When Dudu offered a few years ago to stage the yellow image over the city’s main plaza as a part of “a plan for the Barvazitation of Tel Aviv” — an ironic scheme aimed at mocking the exploitation of the city’s public space by commercial bodies — he was instantly rejected by the town’s authorities. It was only three years ago, after the artist’s sudden death from a heart attack, aged 55, that the municipality approved a one-month staging of the balloon just above the mayor’s offices.

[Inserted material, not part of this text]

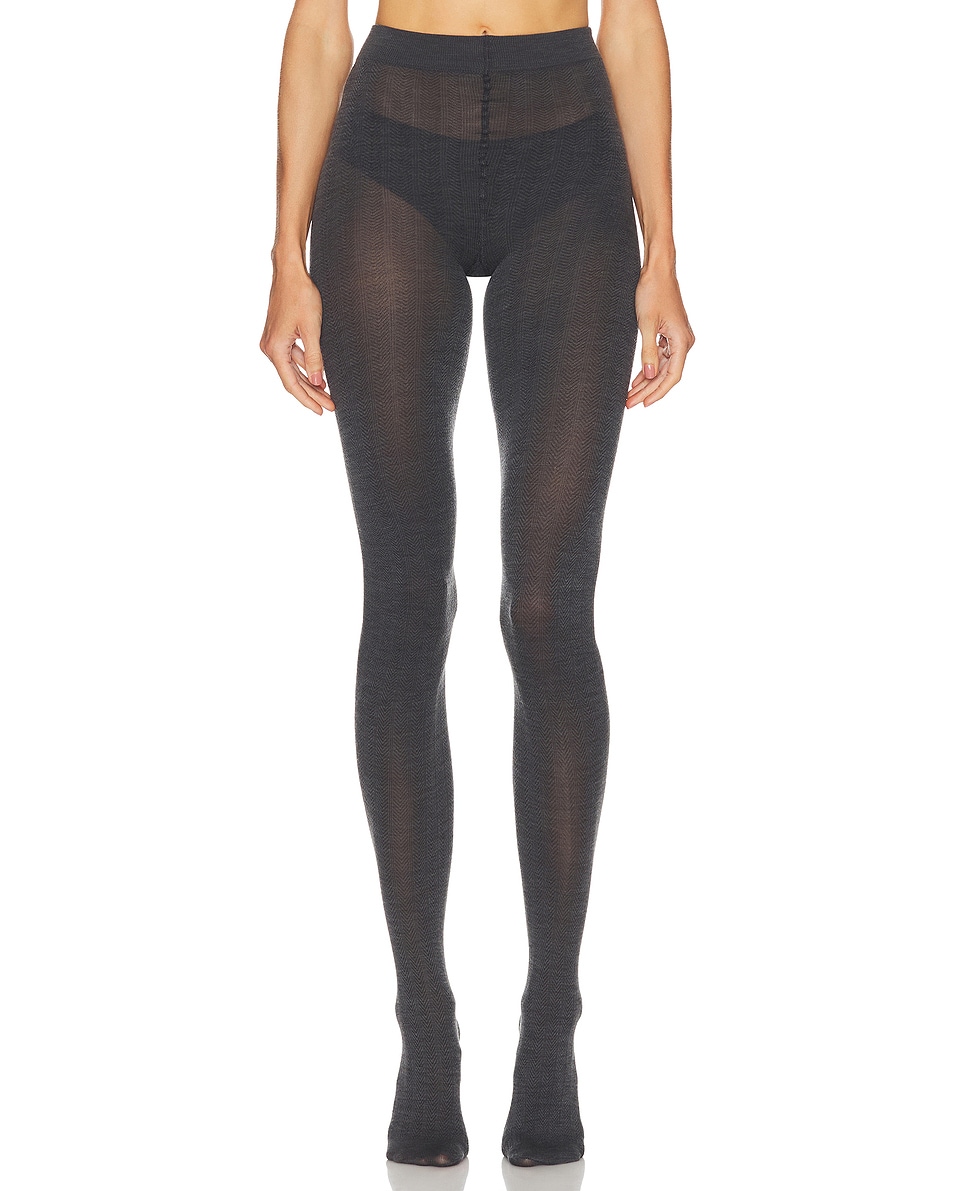 Image 1 of SWEDISH STOCKINGS Ylva Organic Wool Tights in Anthracite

The modest “triumph of the underdog”, as Aharon puts it, brought thou- sands to the duck’s launch ceremony and to the after-party at one of the town’s hottest clubs. Indeed, the cartoon portrays not only Dudu’s personality — a naïve-yet-sarcastic loser who consciously struggles against all odds — the Barvaz also reflects the self-image of many in this town: half-ridiculous, half-charming; stymied by a reality that never ends well.
The re-inflation was a somewhat shaky victory. As the bird started to refill with air, its original cheery sitting position changed and it found itself bending over the roof, gazing, astounded, at a vulgar “Family Festival” organised by a bank down below in Rabin Square. Children and parents, too busy with a deafening disco, did not even look up into the horrified eyes of the free-spirited old duck.
Today, back in its normal sitting position, the Duck is again inspiring Tel Avivians. Einat Geffen, a City Hall employee, is enjoying a sunny lunch break in the square. “The duck symbolises the openness of this city and its young spirit,” she muses. A few metres away, Eli, a seven-year-old boy, dares to contradict his mother’s determination that the duck is “silly”. “He’s actually pretty cool,” the boy insists.
Nearby, 30-something Noam, an “exhausted” peace activist, says he had just texted a colleague of his: “As long as giant ducks sit on the City Hall’s roof, we still have some hope”.
“Not necessarily,” texted the friend in reply. “The Barvaz may have climbed all the way up only in order to jump down.”